There are many personality types who are spiteful – narcissists, anti-social personality disorder, sadists. Such people have no empathy and take pleasure in witnessing pain in others. It gives them a sense of power, control, dominance or even sexual gratification. But such people are not so common in the general population – there are more spiteful people than sociopaths. So there has to be another pathway. I do not have a definitive answer but a few ideas come to mind:
Inadequacy. It is not good to look yourself in the eye and say ‘you’re not very good’ or ‘a failure’. Few of us can even bear to think it. Yet at some deep level, we know it. For some the answer is not to address their own shortcomings but, instead, to bring others down. In some twisted way, shining a spotlight on others is a good camouflage for our own self-dislike.
Jealousy. We live in a world where material assets, fame, money, status, success are demanded as a right rather than an accomplishment.
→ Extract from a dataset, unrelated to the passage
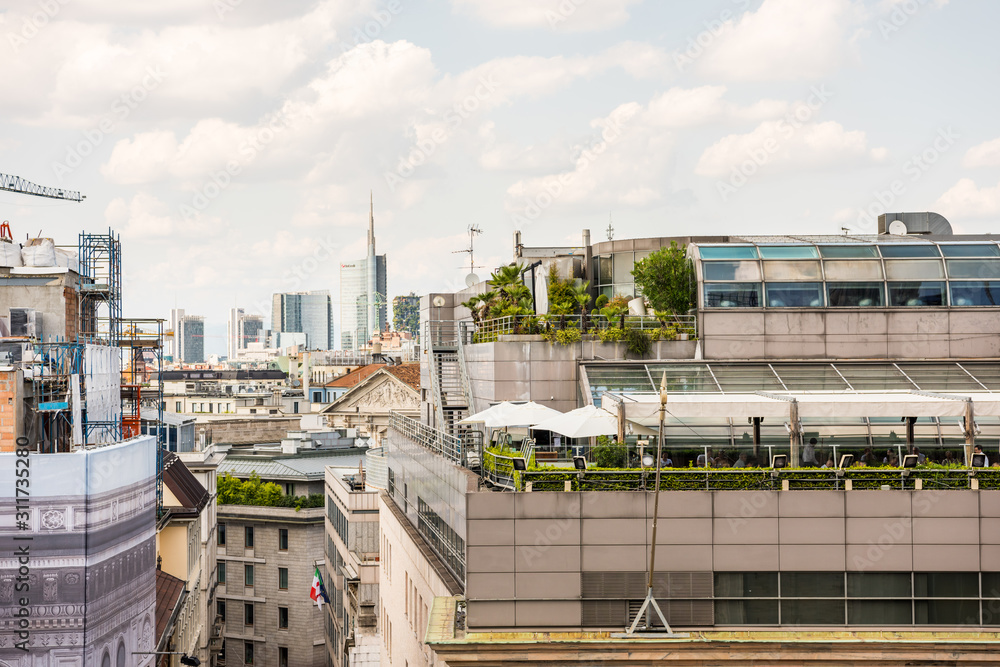   Aerial view of the old downtown of the Milan City with beautiful rooftops, view from the top of cathedral church of Milan, Lombardy, Italy.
Those who have much feel comfortable. Those who have less can feel resentful. Rather than look at someone who is doing better and express admiration, too many of us look for the weak spot – the reason why we should not feel in their shadow. Spite is a very quick way to take the shine off someone’s glory and create a false sense of self-superiority.
Attention. How many American sitcoms do we have to witness where young people, even children, get the reinforcement of canned laughter as they dole out spitty comments with that ‘look at me’ expression and a roll of the eye. Our ‘funniest’ comedians and comediennes are often just a barrel of spite and think they can say anything as long as it gets them the kick of a laugh. Ms Brown had her 15 minutes. Maybe the last comment to the telegraph journalist said all we needed to know as she declared that everyone was soooo amazed at her dating disasters that she had been told to write a book. Maybe we can assume that the poor sot who paid the bar bill was part of a ‘find me an agent’ strategy. Well, Ms Brown – it has been done before. A simple google search will pop a good 10 titles into your screen.
Just nasty. At some point there is no deep seated psychological rationale. You are just nasty, spiteful and mean. It’s time we called out and tell you the truth. We don’t like you!